I'm just wondering what you make of Bernadette Roberts' work in respect of no-self and silence.
Sorry, Matt, I can't comment on something that personal. Blessings.
To clarify: Bernadette Roberts' writing is very personal, so it doesn't seem appropriate to comment; we can never know another's experience.
Having said that, any autobiographical writing—mine included—is separate from the discussion of whether or not a teaching or teachings are sound. Such a discussion, however, needs long and careful study and analysis, and a blog, in my view, isn't the place for this kind of discussion.
Last night, at a church numbering about 700 members, we offered a gathering for Contemplative Prayer, specifically Centering Prayer as imagined by Thomas Keating.
Just simple and unadorned stillness. Silent listening. Walking meditation beteween two prayers.
Four people attended, all already active in the once weekly morning sits.
Once-upon-a-time and not-so-long-ago such a response would have been a discouragement but I now believe it does not much matter.
Offering this practice (as prayer) is practicing prayer.
Anyway I hope so.
When we were organizing this event, arrrggh, we had a discussion useful conversation concerning the speaking aloud of the Lords Prayer in closing.
I was opposed. It's like frosting a frosted cake. The point was taken and we let the silence of communion walk with us out the door in peace.
The winter wind blows this way from a warm southern sea.
Dear Maggie,
Thank you for your writing on the 'edge' - can you comment on where Quakers fit in the scheme of things silent from your point of view? Quaker silence is often deep but seems to lack a sound theological and spiritual framework...then again maybe frameworks aren't needed...however I sense both liturgy and non-liturgy both begin and end in silence but this isn't usually highlighted or explored by either Quakers or mainstream liturgical traditions.
Cheers Matt
Dear Matt,
I have a lot of time for the Quakers. They kept the practice of silence alive in an age that had rejected it, at great cost. Their way of consensus (when it works) is admirable. Their dedication to plain living is an example for us all at a time when our wasteful and heedless ways have put the biosphere at risk.
Having said that, the Quakers, like every other group, have their problems. There are the bible-based Quakers and the light-based Quakers (though personally I don't see any conflict between these two).

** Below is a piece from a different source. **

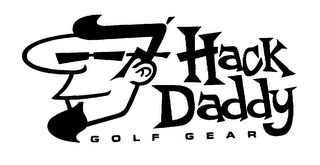 HACK DADDY GOLF GEAR logo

As I understand it, the Quakers are divided into four main groups, but their differences are too subtle to be able to say that the range of groups cover the difference between 'fundamentalist' and 'high church'.
I am not sure what you mean by saying that the Quakers 'lack a sound theological and spiritual framework'. They have avoided systematic theology, which is a plus in my book. And I think we could use a lot more silence in our liturgies—a LOT more.
While I have never been to a Quaker meeting, I have been toying with the idea of going regularly for a long time because I am so fed up with the banality and noise of what passes for liturgy these days, as much as liturgy is food for my soul. You are right that liturgy should begin and end in silence, not for merely aesthetic reasons, but as a model for the way we should live every aspect of our lives.
The mainstream churches seem to be so adapted to a materialist, consumerist lets-have-fun culture that the Quakers—at least some of them—seem one of the few religious groups to hold out an alternative. There's nothing wrong with having fun but that's not what life or religion is primarily about.